" J'ai longtemps rêvé que
ma mère était noire.
Je m'étais inventé une histoire, un passé, pour fuir la réalité à
mon retour d'Afrique, dans ce pays, dans cette ville où je ne connaissais
personne, où j'étais devenu un étranger. Puis j'ai découvert, lorsque
mon père, à l'âge de la retraite, est revenu vivre avec nous en France,
que c'était lui l'Africain. Cela a été difficile à admettre. Il m'a
fallu retourner en arrière, recommencer, essayer de comprendre.
En souvenir de cela, j'ai écrit ce petit livre. ".

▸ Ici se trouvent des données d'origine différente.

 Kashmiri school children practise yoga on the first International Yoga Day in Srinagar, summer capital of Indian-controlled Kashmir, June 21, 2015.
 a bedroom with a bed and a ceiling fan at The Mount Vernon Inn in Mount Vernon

"L'inconnu sur la terre" Gallimard
Ceci n'est pas tout à fait un
essai, pas tout à fait une tentative pour comprendre quelques mystères,
ou pour forger quelques mythes.
Ceci est une histoire, écrite sur plusieurs cahiers d'écoliers italiens,
en même temps que, selon un autre mode, et sur des feuilles de papier
machine 21 x 27, s'écrivaient les phrases de Mondo et autres histoires.

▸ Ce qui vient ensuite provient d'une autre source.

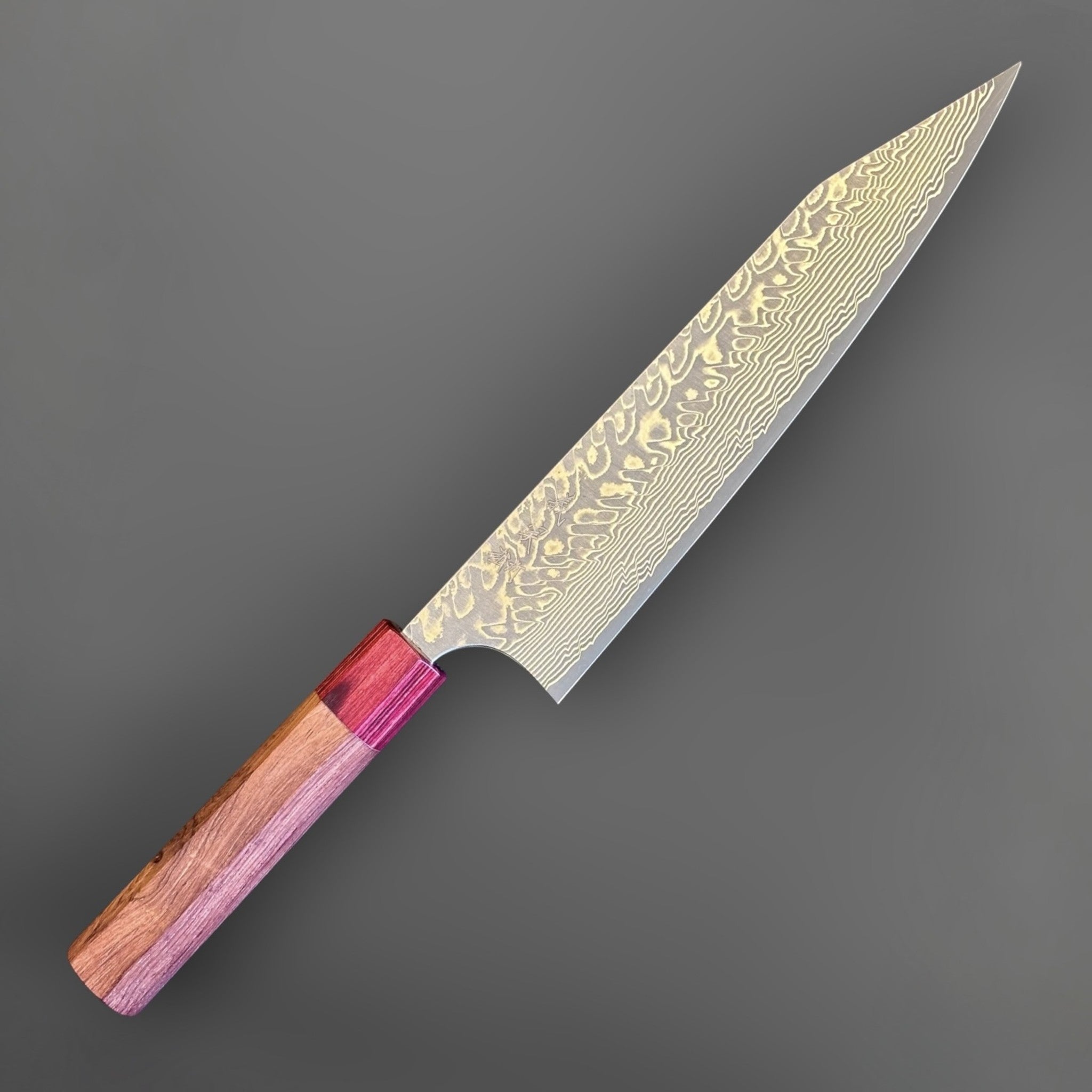 Yoshimi Kato SG2 Kuro Damascus Kiritsuke 210 mm with Honduran wood handle, close angled view of the kiritsuke tip and patterned blade face.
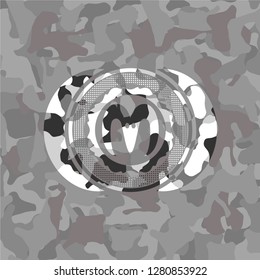 goat head icon on grey camo pattern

C'est une longue histoire, qui pourrait être celle d'un oiseau, celle
d'un poisson et celle d'un arbre, car elle parle beaucoup du ciel, de la
mer et de la terre où avancent les racines.

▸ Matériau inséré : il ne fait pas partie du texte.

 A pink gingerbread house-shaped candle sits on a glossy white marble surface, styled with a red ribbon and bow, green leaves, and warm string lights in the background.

A la fin de cette histoire, rien n'a changé, ou presque. Mais c'est comme
une très longue journée qui serait passée, depuis la première heure de
l'aube jusqu'à la nuit. Ceci c'est peut-être aussi, tout simplement,
l'histoire d'un petit garçon inconnu qui se promène au hasard sur la
terre, pas loin de la mer, un peu perdu dans les nuages - et qui aime la
lumière extrême du jour.
"L'extase matérielle" Rocher
Essai discursif, à l'opposé de
tout système, composé de méditations écrites en toute tranquillité,
destinées a remuer plutôt qu'à rassurer, oui, à faire bouger les idées
reçues, les choses acquises ou apprises.
C'est un traité des émotions appliquées. " Les principes, les systèmes
sont des armes pour lutter contre la vie. " " La beauté de la
vie, l'énergie de la vie ne sont pas de l'esprit, mais de la matière.
" Douloureusement, cliniquement, l'auteur parle de lui : de sa
chambre, de la femme, du corps de la femme, de l'amour, d'une mouche,
d'une araignée, de l'écriture, de la mort, de son idée de l'absolu.
" Il y a un indicible bonheur à savoir tout ce qui en l'homme est
exact. " Le Clézio nous livre frénétiquement le secret d'une découverte
mais, bien entendu, le secret demeure entier.
"L'inconnu sur la terre"
Imaginaire Gallimard
Ceci n'est pas tout à fait un
essai, pas tout à fait une tentative pour comprendre quelques mystères,
ou pour forger quelques mythes.
Ceci est une histoire, écrite sur plusieurs cahiers d'écolier italiens,
en même temps que, selon un autre mode, et sur des feuilles de papier
machine 21 x 27, s'écrivaient les phrases de Mondo et autres histoires.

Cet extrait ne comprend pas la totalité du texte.